[Short web captions]

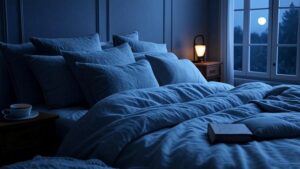 calmful sleep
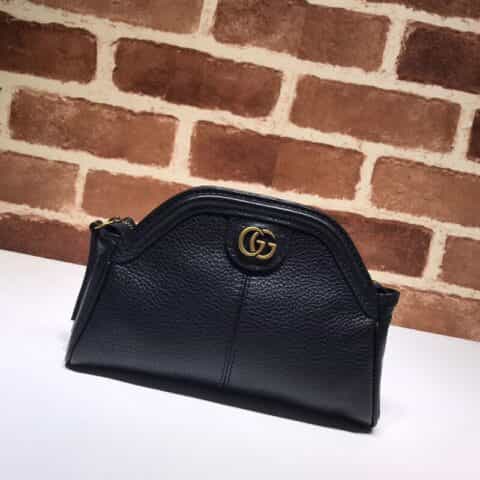 GUCCI古驰小牛皮GG手拿包517735
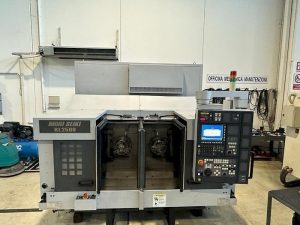 MORI SEIKI RL 2500 – Year 2011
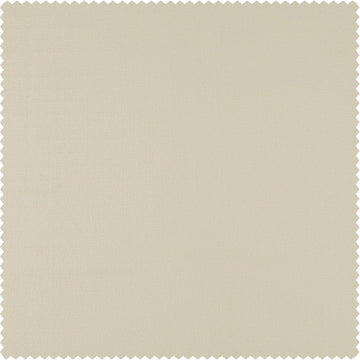 Pale Ivory Textured Cotton Bark Weave Swatch - HalfPriceDrapes.com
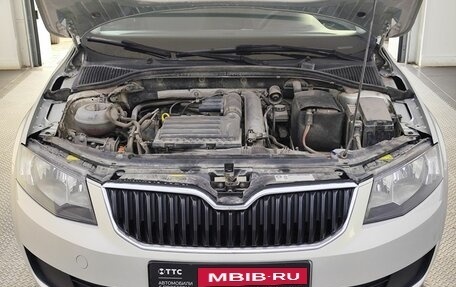 Skoda Octavia, 2013 год, 930 000 рублей, 11 фотография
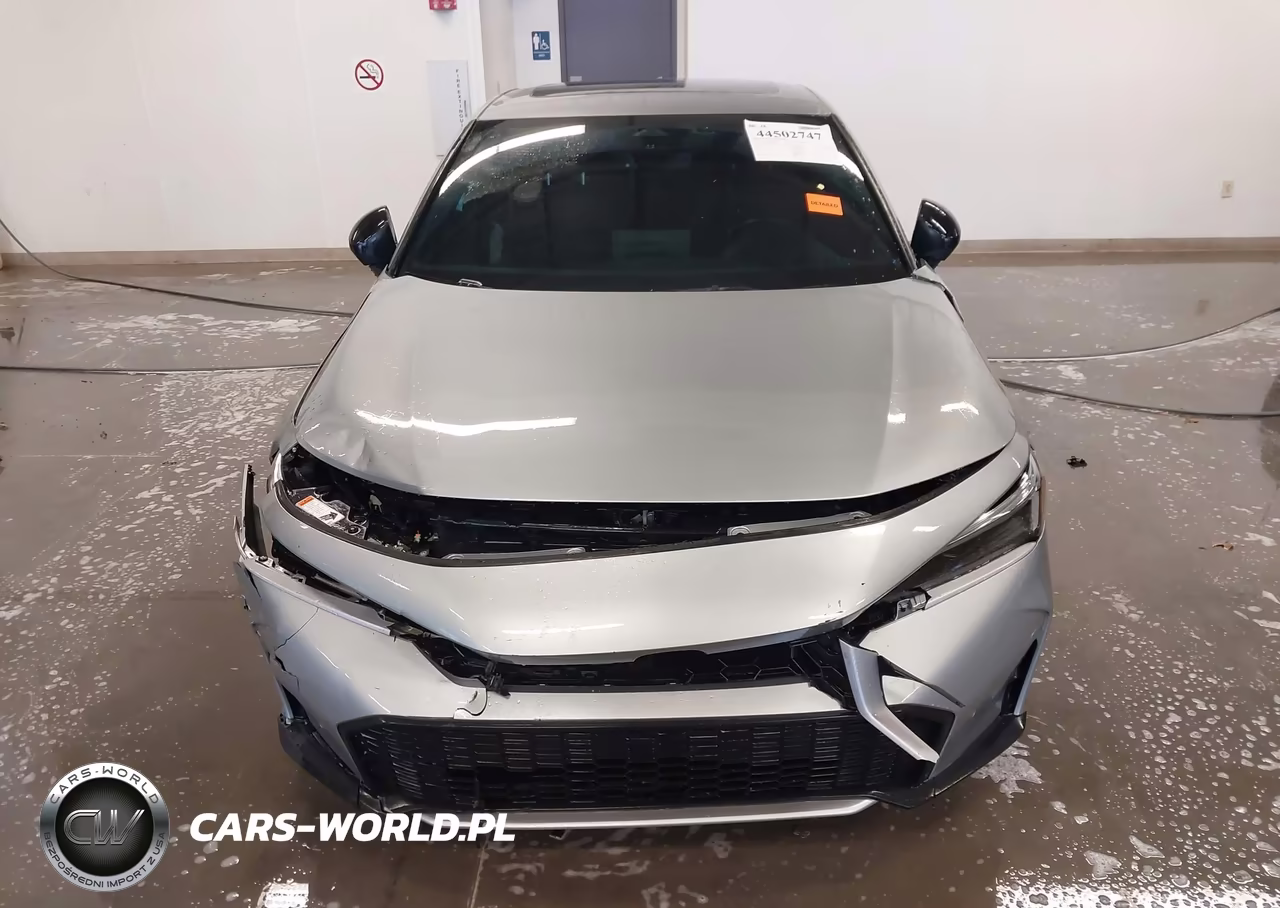 2025 Honda Civic Hybrid Sport-Sport Touring VIN:2HGFE4F84SH301578 - 12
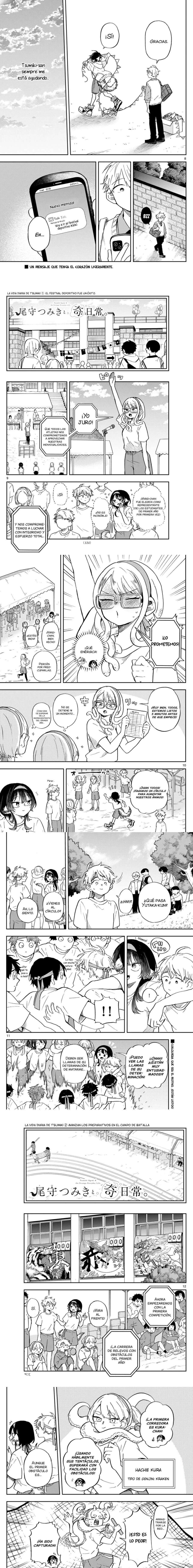 Read Ogami Tsumiki to Kinichijou (es) Manga Online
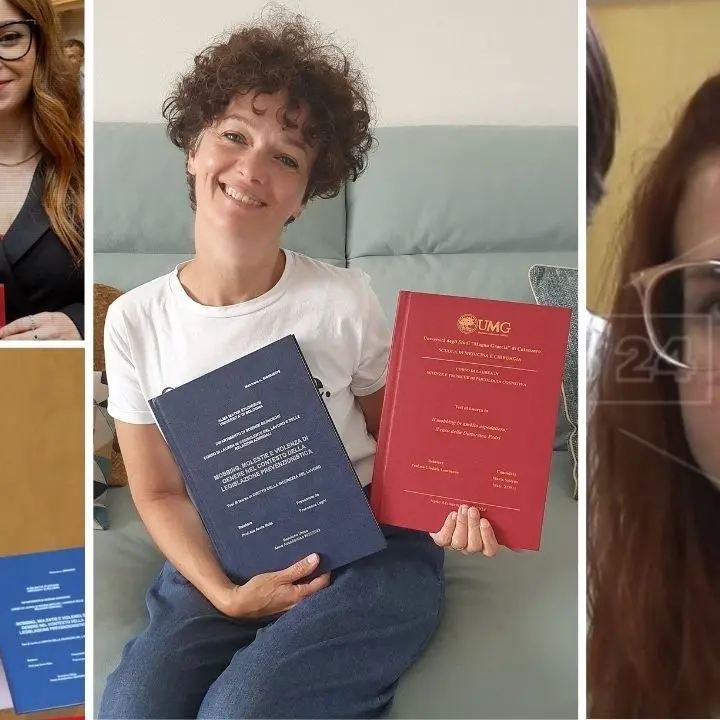 Sara Pedri, due tesi di laurea a Catanzaro e Bologna sulla storia della ginecologa vittima di mobbing per i suoi studi in Calabria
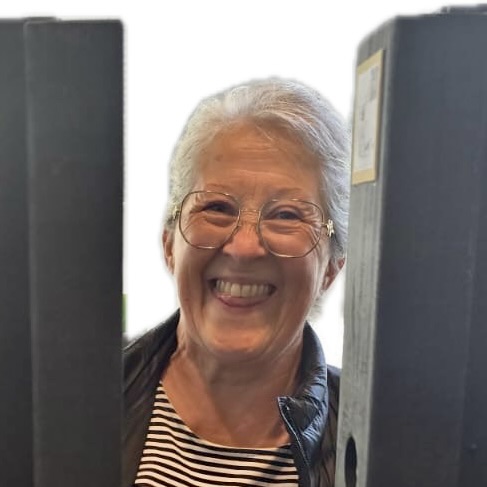 Sarah - R&D, Creative Support & Patron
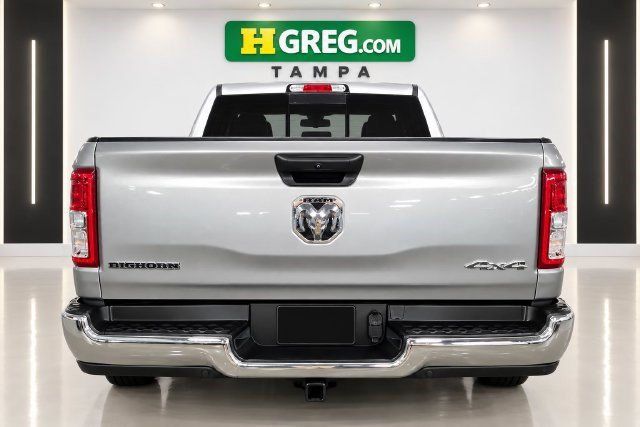 Used 2023 RAM 1500 Big Horn AWD/4WD image 8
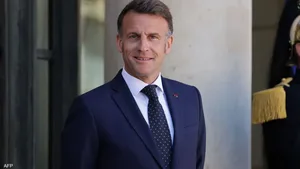 Эмманюэль Макрон поздравил Президента Ильхама Алиева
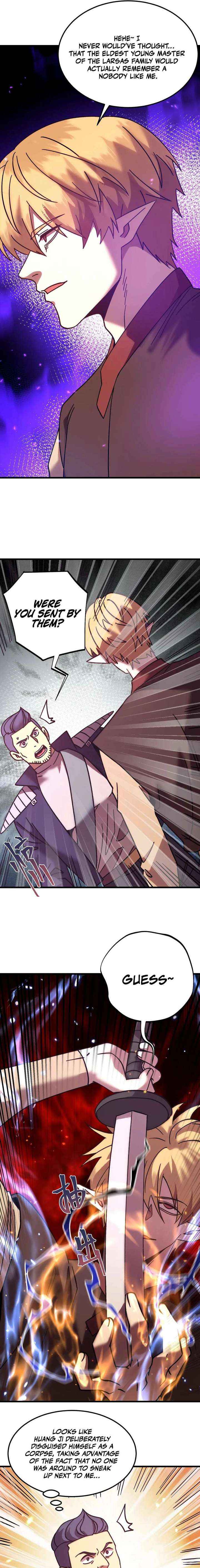 Read Logging 10,000 Years into the Future chapter 306 image 6 on Lezhin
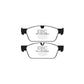 EBC PDKF2336 Mercedes-Benz X/W166 C292 Ultimax Front Brake Pad & Plain Disc Kit - TRW Caliper 2 | Duco Car Parts UK Car Parts
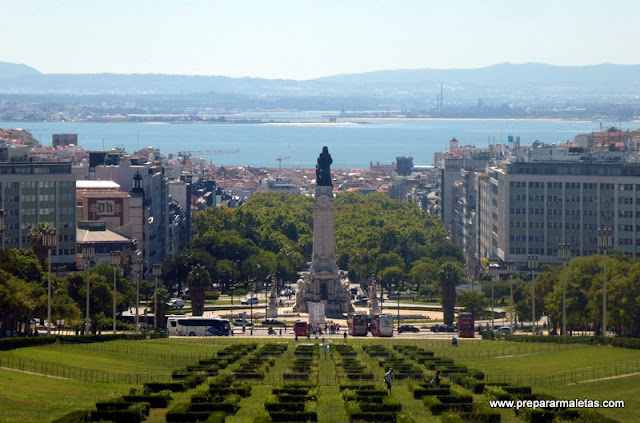 viajar a Lisboa, volver 10 años después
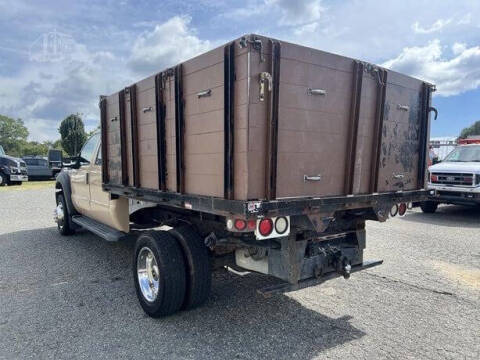 2013 Ford F-450 Super Duty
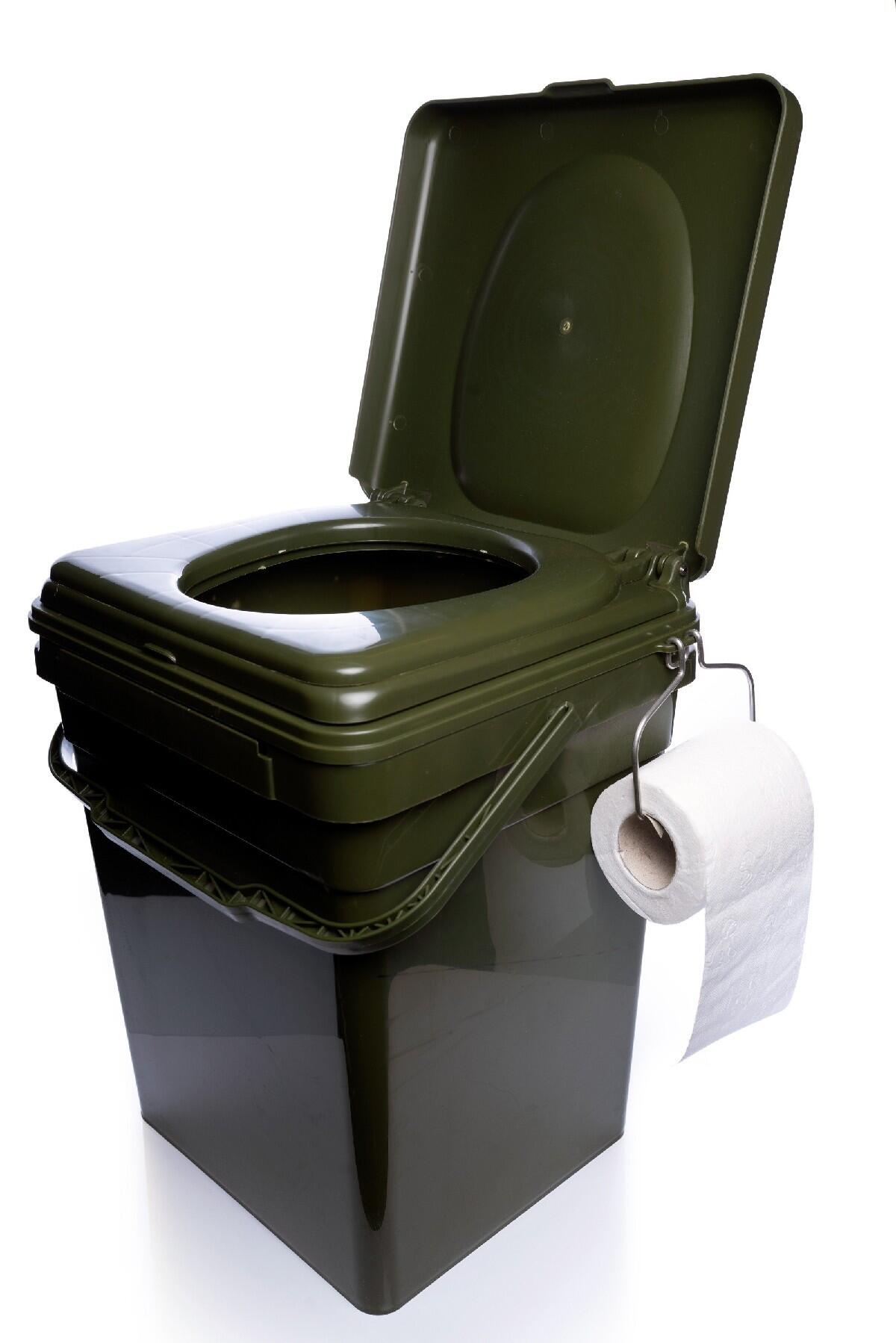 RIDGE MONKEY Ridgemonkey Cozee Toilet Seat Full Kit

◆ Exercise
Your answer must be the lines from the one holding "GUCCI古驰小牛皮GG手拿包517735" through the final line of the records above, exactly as written and without any pictures.

◆ Result of the exercise
 GUCCI古驰小牛皮GG手拿包517735
 MORI SEIKI RL 2500 – Year 2011
 Pale Ivory Textured Cotton Bark Weave Swatch - HalfPriceDrapes.com
 Skoda Octavia, 2013 год, 930 000 рублей, 11 фотография
 2025 Honda Civic Hybrid Sport-Sport Touring VIN:2HGFE4F84SH301578 - 12
 Read Ogami Tsumiki to Kinichijou (es) Manga Online
 Sara Pedri, due tesi di laurea a Catanzaro e Bologna sulla storia della ginecologa vittima di mobbing per i suoi studi in Calabria
 Sarah - R&D, Creative Support & Patron
 Used 2023 RAM 1500 Big Horn AWD/4WD image 8
 Эмманюэль Макрон поздравил Президента Ильхама Алиева
 Read Logging 10,000 Years into the Future chapter 306 image 6 on Lezhin
 EBC PDKF2336 Mercedes-Benz X/W166 C292 Ultimax Front Brake Pad & Plain Disc Kit - TRW Caliper 2 | Duco Car Parts UK Car Parts
 viajar a Lisboa, volver 10 años después
 2013 Ford F-450 Super Duty
 RIDGE MONKEY Ridgemonkey Cozee Toilet Seat Full Kit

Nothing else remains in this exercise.